What is required
The response should hold every record from the listing that follows, verbatim, and no pictures.

Supplied records
■ ■ ■ ■ ■ ■ ■

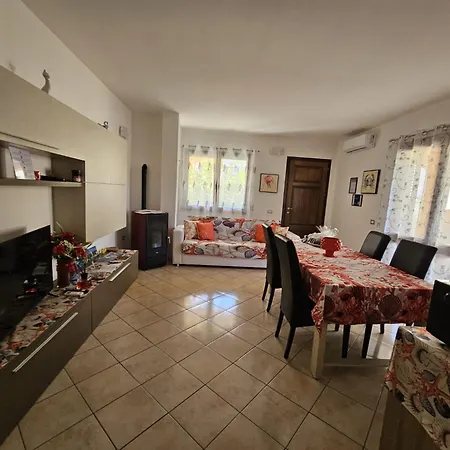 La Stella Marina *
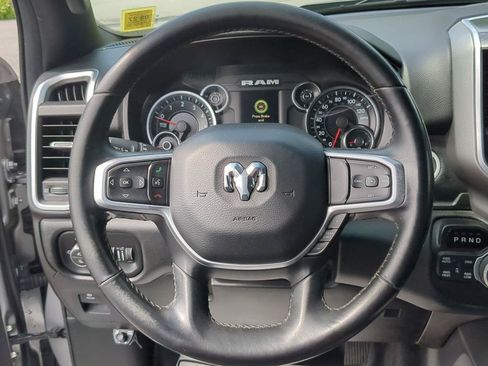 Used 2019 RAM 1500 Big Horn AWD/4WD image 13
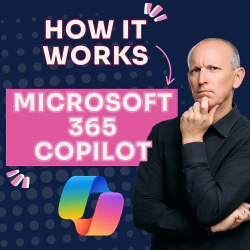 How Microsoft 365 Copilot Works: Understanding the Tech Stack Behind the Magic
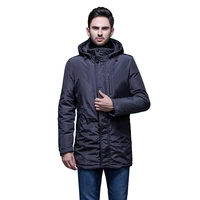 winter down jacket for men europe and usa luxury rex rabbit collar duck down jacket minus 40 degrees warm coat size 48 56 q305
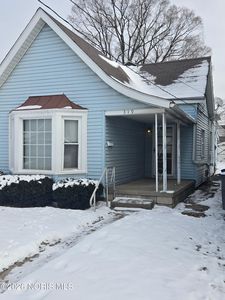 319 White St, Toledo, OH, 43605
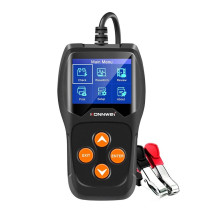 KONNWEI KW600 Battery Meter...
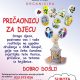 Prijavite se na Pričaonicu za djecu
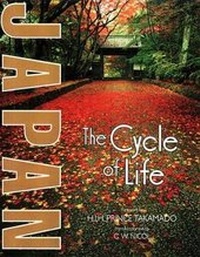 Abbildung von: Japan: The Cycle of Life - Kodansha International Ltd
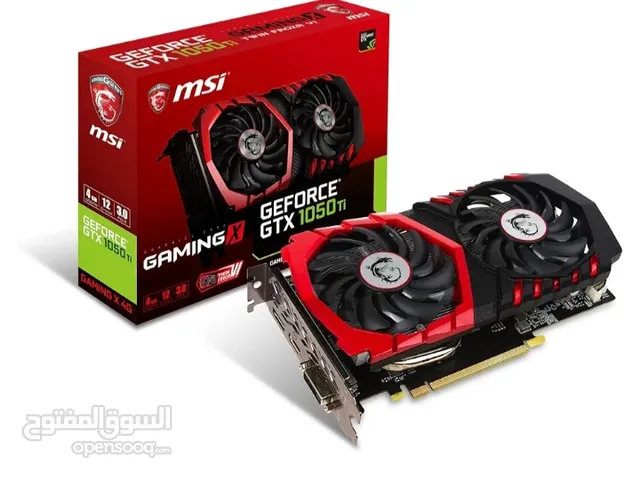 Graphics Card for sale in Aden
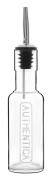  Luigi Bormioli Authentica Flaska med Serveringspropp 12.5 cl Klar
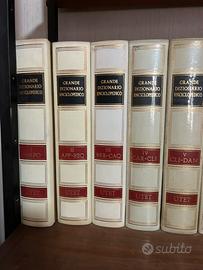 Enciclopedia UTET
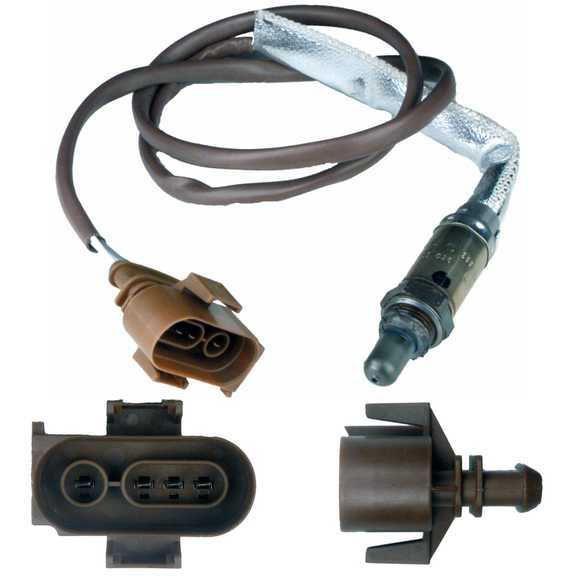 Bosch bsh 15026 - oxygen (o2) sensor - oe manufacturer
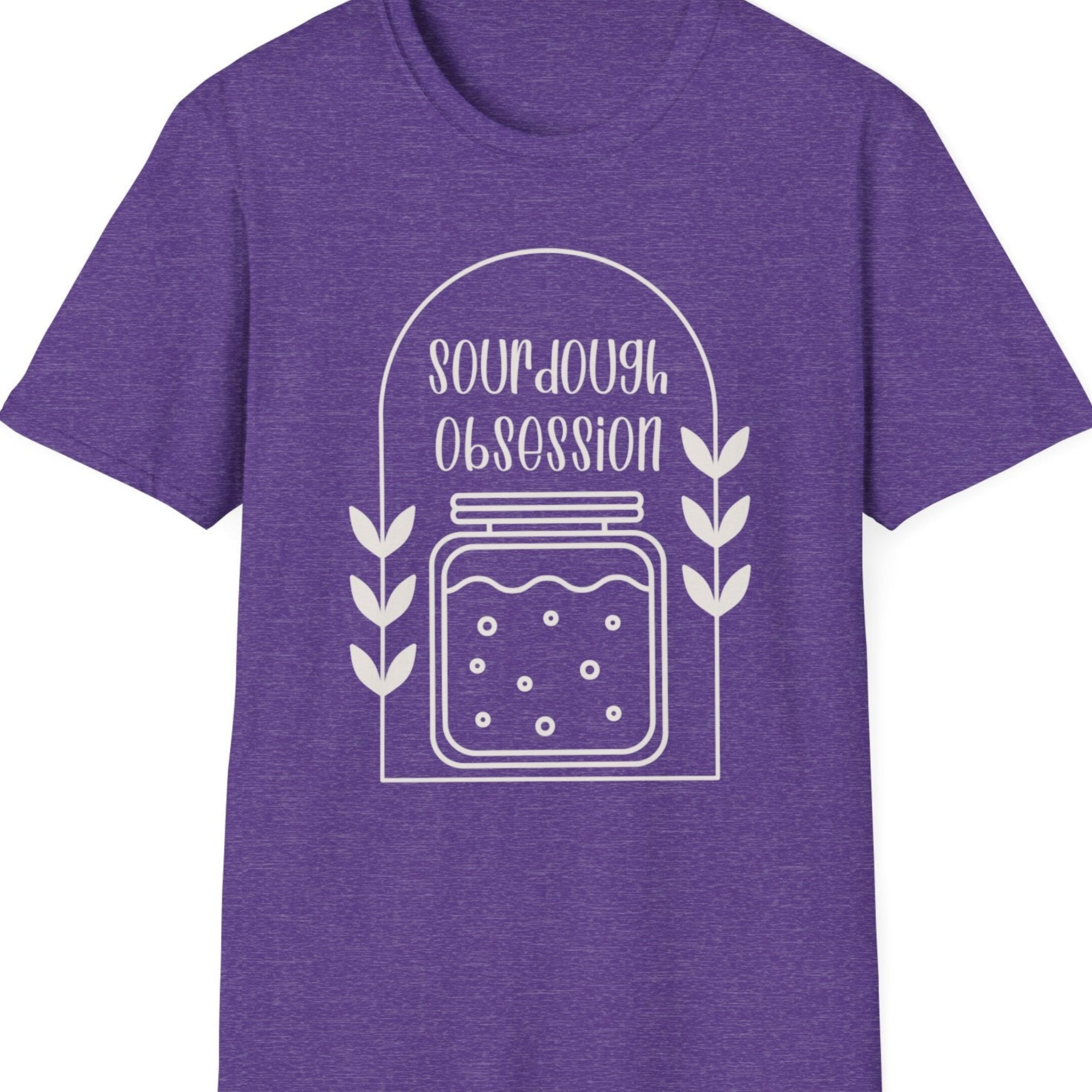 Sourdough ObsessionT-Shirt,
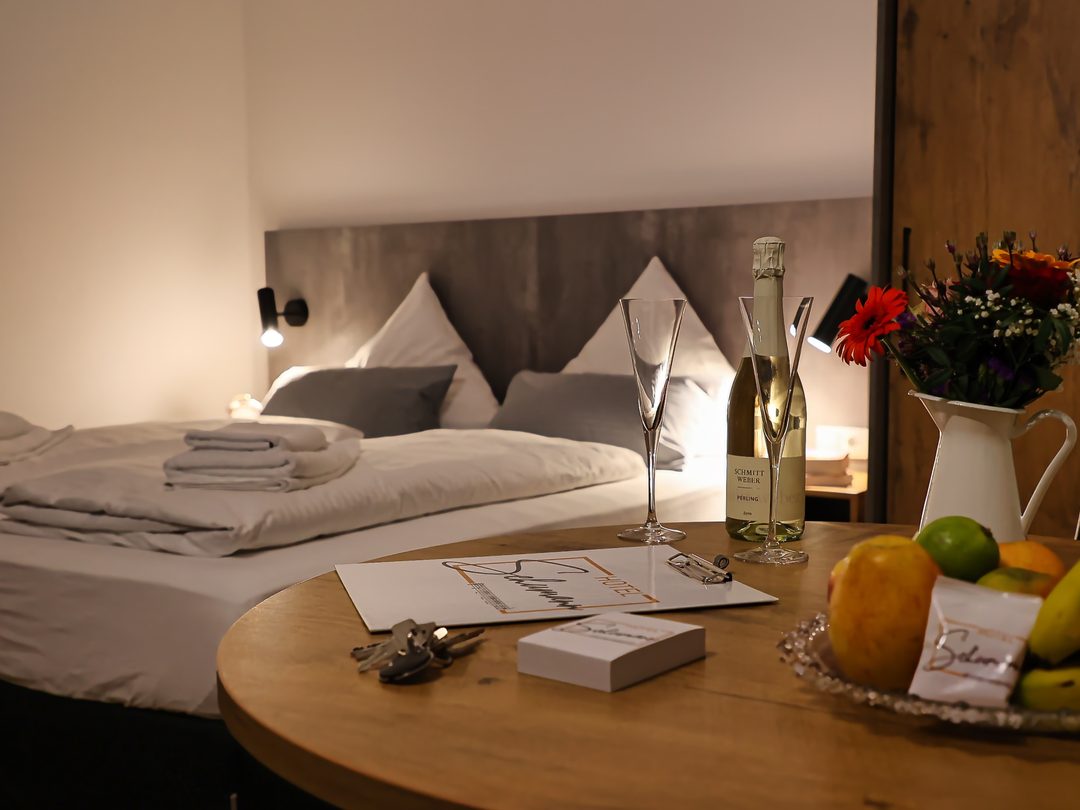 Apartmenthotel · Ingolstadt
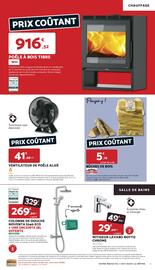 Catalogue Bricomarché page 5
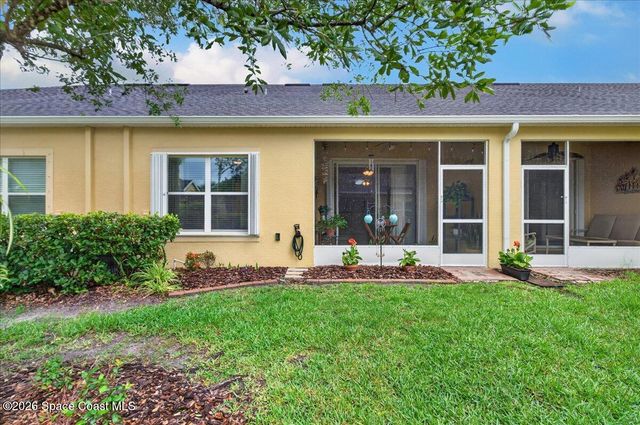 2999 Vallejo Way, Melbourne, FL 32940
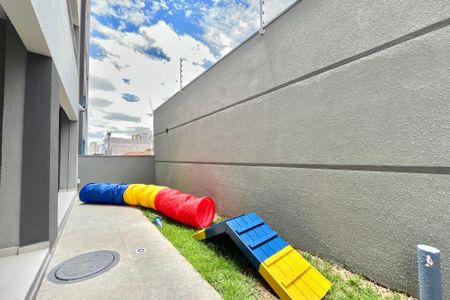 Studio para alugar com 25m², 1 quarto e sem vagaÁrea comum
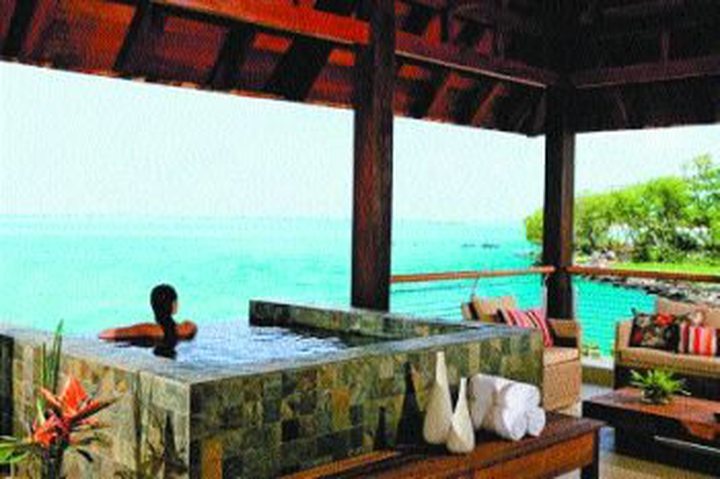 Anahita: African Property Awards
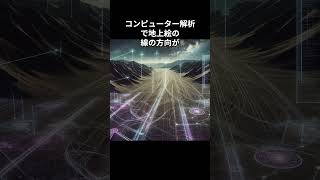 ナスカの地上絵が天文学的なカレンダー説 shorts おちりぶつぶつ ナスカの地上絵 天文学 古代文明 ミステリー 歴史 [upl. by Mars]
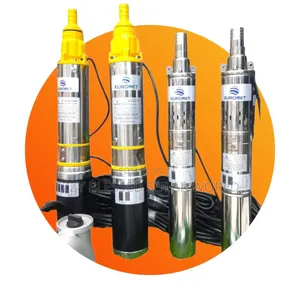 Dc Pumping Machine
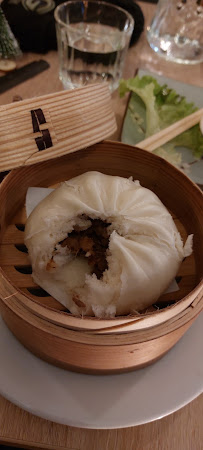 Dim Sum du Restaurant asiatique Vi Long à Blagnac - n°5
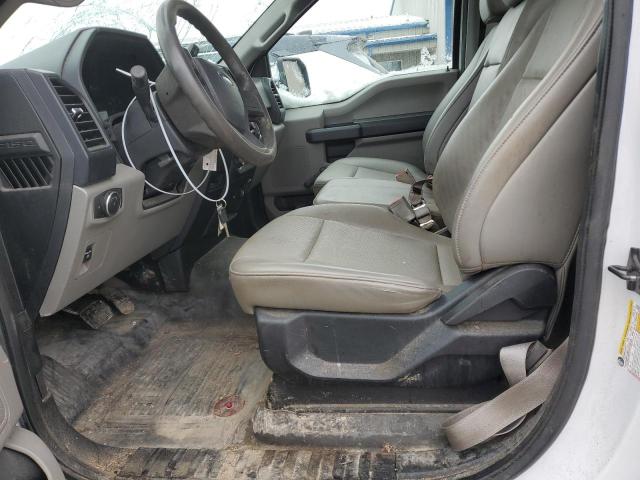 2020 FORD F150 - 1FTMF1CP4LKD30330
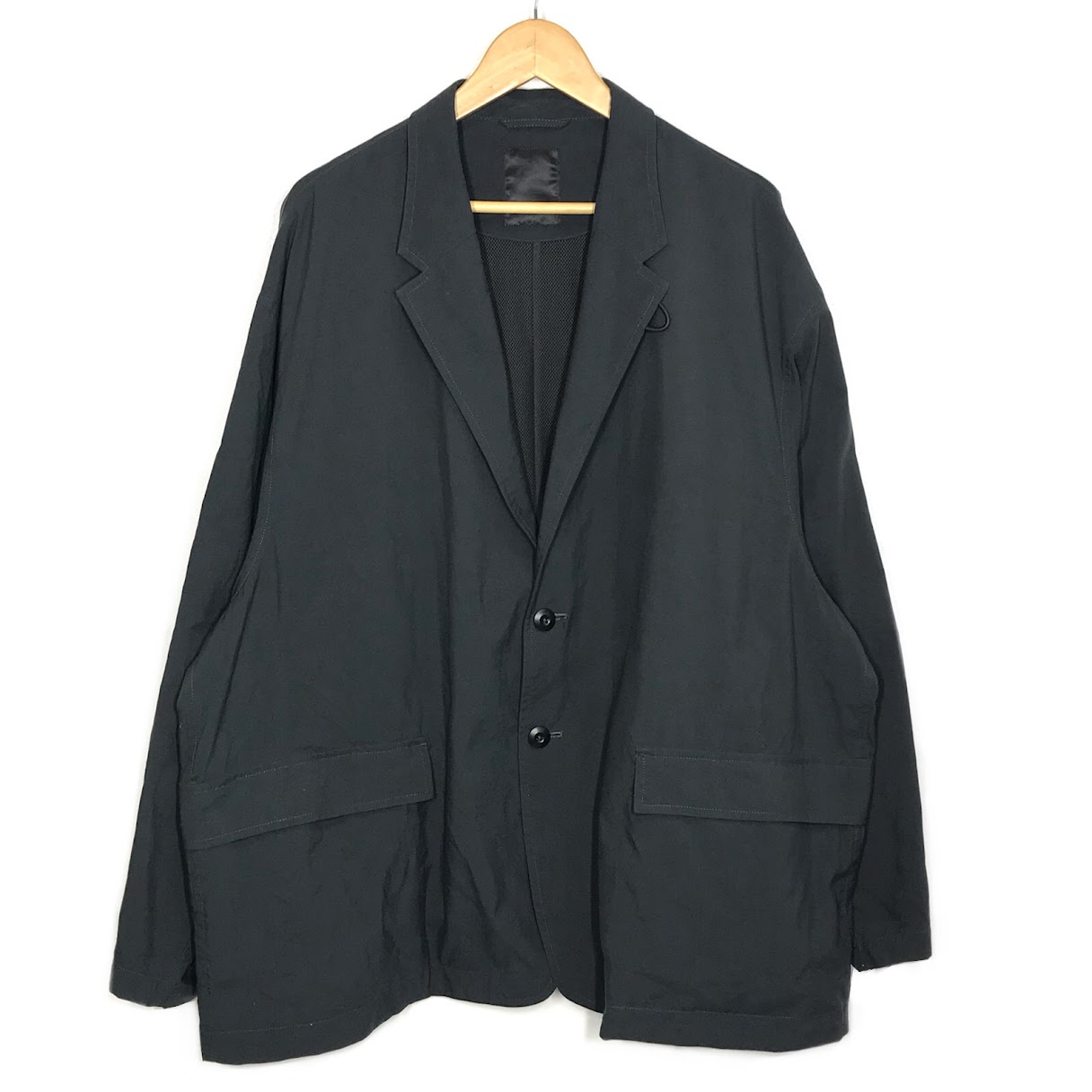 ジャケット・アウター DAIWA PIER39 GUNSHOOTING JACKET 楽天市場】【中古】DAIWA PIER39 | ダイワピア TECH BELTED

■ ■ ■ ■ ■ ■ ■

Result
 La Stella Marina *
 Used 2019 RAM 1500 Big Horn AWD/4WD image 13
 How Microsoft 365 Copilot Works: Understanding the Tech Stack Behind the Magic
 winter down jacket for men europe and usa luxury rex rabbit collar duck down jacket minus 40 degrees warm coat size 48 56 q305
 319 White St, Toledo, OH, 43605
 KONNWEI KW600 Battery Meter...
 Prijavite se na Pričaonicu za djecu
 Abbildung von: Japan: The Cycle of Life - Kodansha International Ltd
 Graphics Card for sale in Aden
  Luigi Bormioli Authentica Flaska med Serveringspropp 12.5 cl Klar
 Enciclopedia UTET
 Bosch bsh 15026 - oxygen (o2) sensor - oe manufacturer
 Sourdough ObsessionT-Shirt,
 Apartmenthotel · Ingolstadt
 Catalogue Bricomarché page 5
 2999 Vallejo Way, Melbourne, FL 32940
 Studio para alugar com 25m², 1 quarto e sem vagaÁrea comum
 Anahita: African Property Awards
 ナスカの地上絵が天文学的なカレンダー説 shorts おちりぶつぶつ ナスカの地上絵 天文学 古代文明 ミステリー 歴史 [upl. by Mars]
 Dc Pumping Machine
 Dim Sum du Restaurant asiatique Vi Long à Blagnac - n°5
 2020 FORD F150 - 1FTMF1CP4LKD30330
 ジャケット・アウター DAIWA PIER39 GUNSHOOTING JACKET 楽天市場】【中古】DAIWA PIER39 | ダイワピア TECH BELTED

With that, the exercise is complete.